In the 1990s, teacher Drunvalo Melchizedek brought the merkaba meditation to widespread attention through his Flower of Life workshops and his books The Ancient Secret of the Flower of Life (Volumes I and II). His teachings synthesized Egyptian, Hebrew, and indigenous spiritual traditions into a structured 17-breath practice that could be learned and repeated daily. While Melchizedek popularized the technique, the core practice draws from knowledge that predates any single teacher.
Ancient Origins: Egypt, Hebrew Mysticism, and Beyond
The oldest references to the merkaba appear in ancient Egyptian spiritual texts and temple inscriptions. The Egyptian mystery schools, those secretive centers of training housed within and beneath the great temples at Luxor, Abydos, Karnak, and Saqqara, taught initiates a complete system of consciousness expansion. The merkaba was considered the highest practice, reserved for advanced students who had already mastered breath control, meditation, and energy work.
Egyptian cosmology placed enormous emphasis on the Ka and Ba. The Ka was the vital life force that animated the body. The Ba was the soul that could travel between the physical and spiritual worlds. Upon death, the Egyptian goal was not simply to "go to heaven" but to consciously navigate the afterlife realms in full awareness. The activated merkaba was the vehicle that made this navigation possible. Tomb paintings in the Valley of the Kings depict geometric light structures surrounding the pharaoh's body during the journey to the Duat (the Egyptian underworld).
[Image: Egyptian temple wall with hieroglyphics and geometric light body symbols, star tetrahedron patterns in gold and lapis lazuli blue]

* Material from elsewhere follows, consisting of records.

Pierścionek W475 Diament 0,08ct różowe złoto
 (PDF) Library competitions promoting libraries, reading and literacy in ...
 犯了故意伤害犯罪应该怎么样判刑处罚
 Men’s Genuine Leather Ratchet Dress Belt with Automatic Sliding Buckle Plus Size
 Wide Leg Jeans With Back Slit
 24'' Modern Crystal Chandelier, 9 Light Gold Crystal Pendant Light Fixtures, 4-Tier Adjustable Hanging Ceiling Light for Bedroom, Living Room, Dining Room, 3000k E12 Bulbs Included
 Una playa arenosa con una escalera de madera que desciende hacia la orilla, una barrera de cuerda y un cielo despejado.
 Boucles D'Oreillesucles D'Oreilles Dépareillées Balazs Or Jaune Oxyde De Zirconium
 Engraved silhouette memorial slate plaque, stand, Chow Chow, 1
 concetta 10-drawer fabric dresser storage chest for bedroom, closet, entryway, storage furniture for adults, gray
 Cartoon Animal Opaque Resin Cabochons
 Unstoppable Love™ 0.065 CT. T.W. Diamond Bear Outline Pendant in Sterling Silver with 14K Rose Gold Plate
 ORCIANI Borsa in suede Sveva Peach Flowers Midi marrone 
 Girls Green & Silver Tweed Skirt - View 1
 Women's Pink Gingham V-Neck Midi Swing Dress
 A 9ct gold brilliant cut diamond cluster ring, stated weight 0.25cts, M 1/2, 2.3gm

In Hebrew mysticism, the merkavah tradition represents one of the most ancient and closely guarded strands of Jewish esotericism. The prophet Ezekiel's famous vision in Chapter 1 of the Book of Ezekiel describes a "chariot of God" composed of spinning wheels within wheels, living creatures with four faces, and a throne of sapphire surrounded by fire and lightning. The Hebrew word merkavah literally means "chariot." Scholars of Kabbalah interpret Ezekiel's vision not as a physical chariot but as a description of the divine energy vehicle that surrounds and transports consciousness through higher dimensions.
The Hekhalot literature, a body of Jewish mystical texts from the first centuries CE, contains detailed instructions for the "descent to the chariot," a meditation practice in which the practitioner visualizes ascending through seven celestial palaces while seated in the merkavah. These texts describe the experience in terms that closely parallel later descriptions of merkaba activation: spinning light, geometric forms, a sense of the body dissolving into luminous energy, and encounters with beings of pure light.
Historical Connection
The Great Pyramid of Giza encodes the geometry of the star tetrahedron in its proportions. If you inscribe a tetrahedron inside a sphere, and then inscribe the sphere inside the Great Pyramid, the angles and ratios align with extraordinary precision. Many researchers, including John Anthony West and Robert Bauval, have argued that the pyramids were not tombs but initiation chambers where advanced practices like merkaba activation were performed. The King's Chamber, with its precise granite construction and resonant acoustics, may have been a merkaba activation space.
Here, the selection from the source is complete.